Using Fun to Teach Finances
You’re never too young to learn fiscal responsibility; and this is especially true for the kids we care for at Door of Hope. We are a local non-profit that helps families and children experiencing homelessness. I’ve been the After-School Program coordinator at Door of Hope for a few years now, and I want to share with you how we are teaching our kids how to manage their money.
Our overarching goal in the After-School Program (ASP) is to try and break the cycle of homelessness to ensure that our kids never return to homelessness as adults. The ASP covers all aspects of child development: education, emotional stability, and physical wellbeing. In addition to those areas, we are building in life skills to our kids that will serve them for a lifetime.
Being a good steward of finances and resources is at the top of that list. We want to ingrain a value of money in our children, as well as provide an understanding of how financial institutions work so they are comfortable with them at a young age.

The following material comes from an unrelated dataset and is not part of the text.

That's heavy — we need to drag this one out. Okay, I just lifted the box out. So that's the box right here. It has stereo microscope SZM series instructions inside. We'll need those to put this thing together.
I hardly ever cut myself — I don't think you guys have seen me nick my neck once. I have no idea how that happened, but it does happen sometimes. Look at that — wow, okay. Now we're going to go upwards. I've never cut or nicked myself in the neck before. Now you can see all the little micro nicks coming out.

In 2006, Door of Hope started what at the time was called the “ASP Bucks Program.” This is how it works:
We have a student store full of toys (mostly through donations) and each toy has a price tag. As kids do well in the program, do their homework on time, do their daily reading, participate in activities, and have a good attitude, they earn “Door of Hope Dollars.” Once a month our kids can take those Door of Hope dollars and use them to purchase toys.

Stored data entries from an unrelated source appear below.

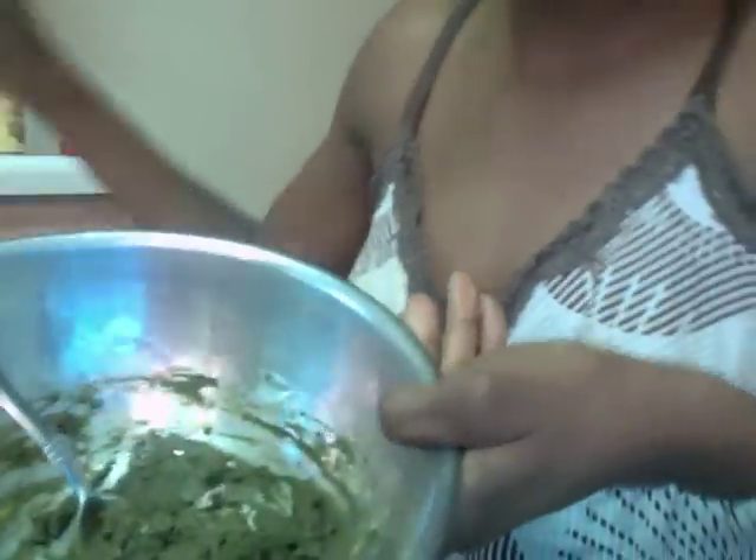I'm mixing my paste up and as you can see you want it pasty. Sometimes I add more vinegar or lemon juice if you want it more liquid, not as thick. I'm going to add more vinegar. Now that is mixed up.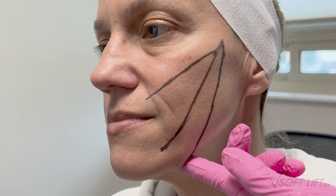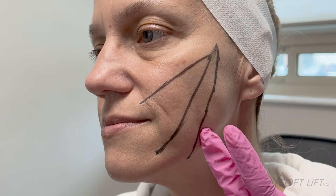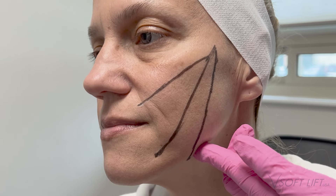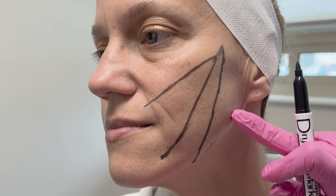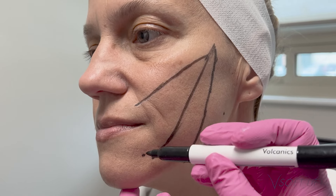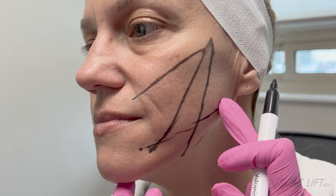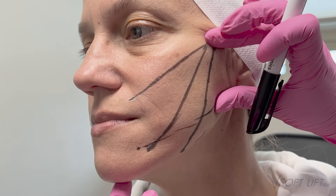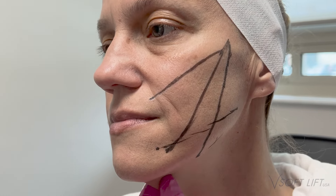I'm pinching just that little bit of jowl tissue — she doesn't have jowling yet, but this is where she will eventually develop it as the aging process continues. Here I'm feeling for my angular notch. With lifting threads there is no risk of vascular occlusion, but I do like to avoid the angular notch area due to the facial artery. Worst case scenario, the patient gets a hematoma, so we're trying to avoid that. I'm just marking it so I have a visual reference once the patient is laid back.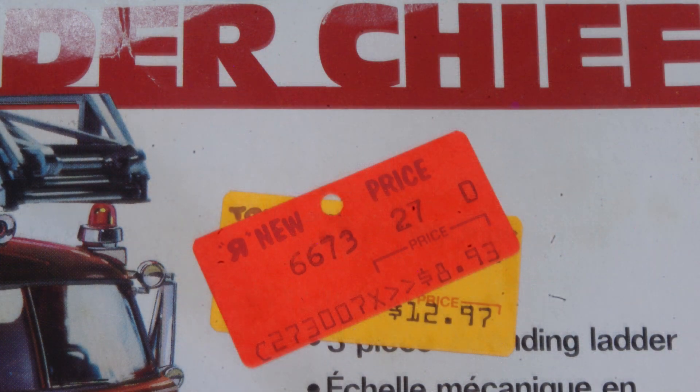The price tags on the end are a time capsule in themselves, because it's been a long time since $8.93, or even $12.97, would get you a truck kit up here in Canada. Currently, about the best price I've seen for a Ladder Chief kit is around $70, and they go anywhere up to $100 to $110 here.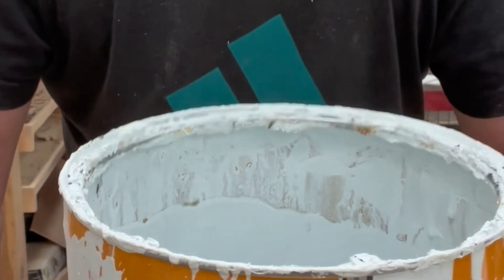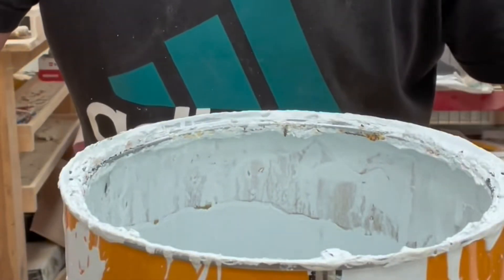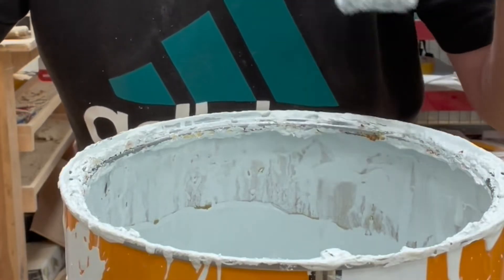Take the masking tape off and you've got a nice clean tin. Nothing worse than the edge of a paint tin all splattered up, isn't it? When you're painting and you want to get excess paint off your brush, don't wipe it on the edge of the tin.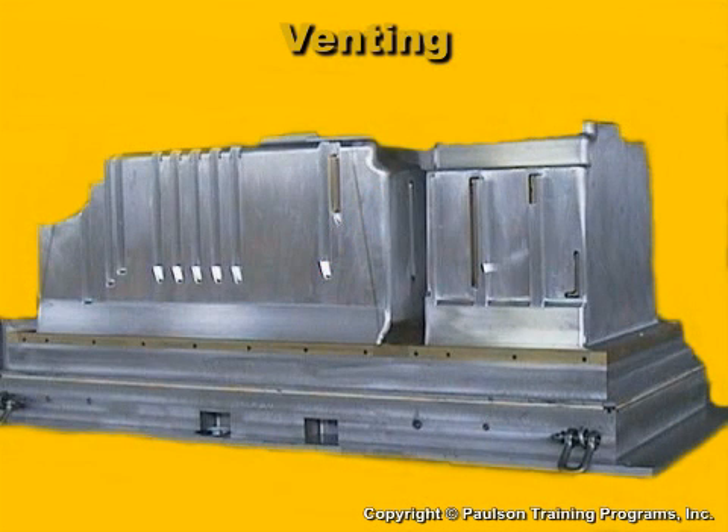Molds making more than one part, or molds with divided sections, like this refrigerator liner mold, need uniform venting. Each mold or mold section must remove the air at the same time.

This process teaches kids that money is earned and not given to you. It also teaches them the value of saving. If they want to buy the remote controlled car, or the basketball, they may have to save their money and purchase it next month, sacrificing the instant gratification of buying something now to ultimately get what they really want. Today it’s sacrificing a rubber ball for a toy car, but in the future it could be sacrificing a vacation to eventually buy a home.
For years this has been an effective method of teaching our kids how to save and we have seen it work time and time again. As the world has changed, and the way managing money has changed, we have evolved with it. We recently transitioned from handing out green paper currency and pink colored paychecks to online banking. Our children can deposit or withdraw funds, receive automatic salary deposits from their chores, and gain interest on a monthly basis.

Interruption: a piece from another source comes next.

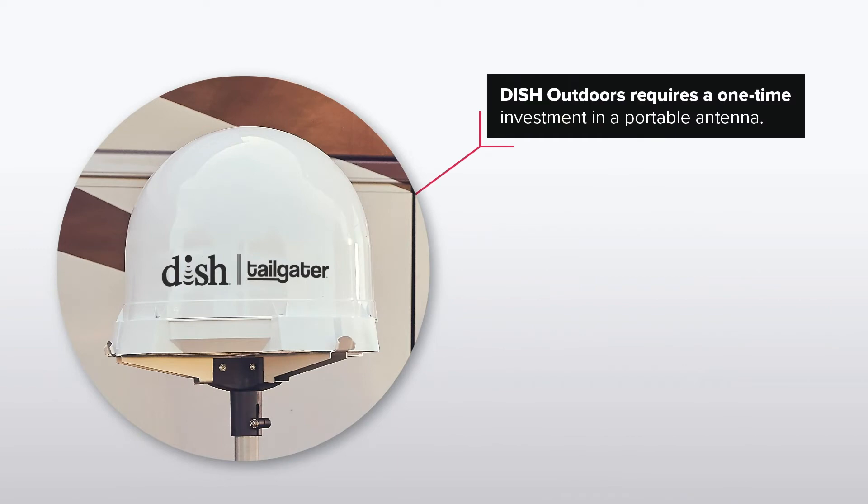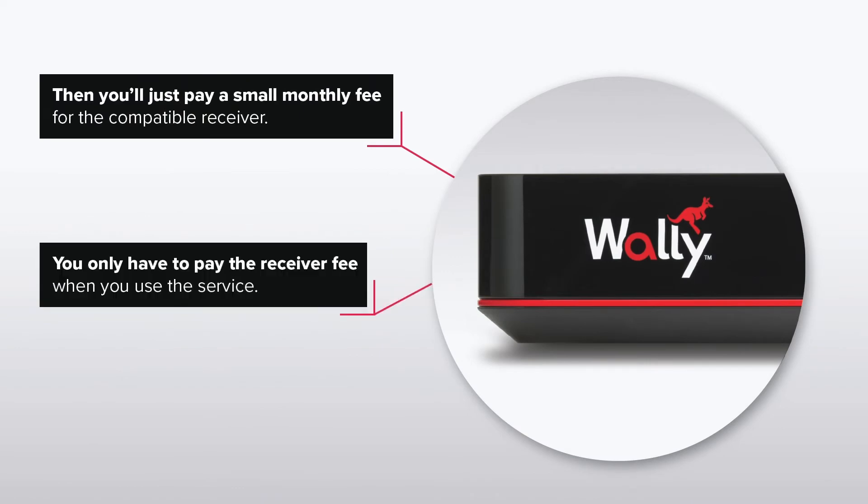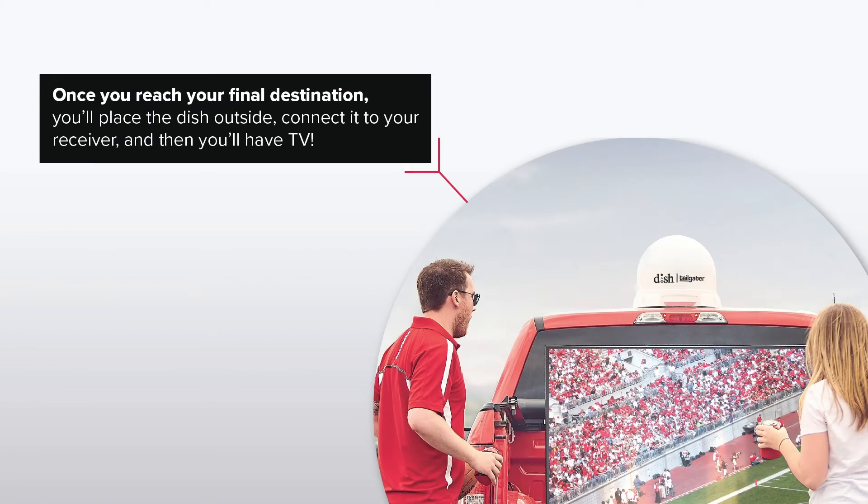Dish Outdoors requires a one-time investment in a portable antenna. Then you'll just pay a small monthly fee for the compatible receiver. You'll only have to pay the receiver fee when you use the service.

“This is so cool; I can check my checking account balance on my smart phone!” - An 8th-grade girl in our program
We not only teach the kids about savings and compound interest, but try to provide real life economic scenarios for them. For example, during a period of inflation last year we inflated our ASP store prices. Yes, the kids were devastated, but we taught them an important lesson on declined purchasing power from their hard earned money. We don’t do this often in our program but when there’s an opportunity to apply real life economic principles we want to educate and inform our kids.
Unfortunately, homelessness has been a vicious cycle that repeats itself through multiple generations. We will not stand for it. We are committed to using every technique and resource at our disposal to make sure with our kids the cycle ends here.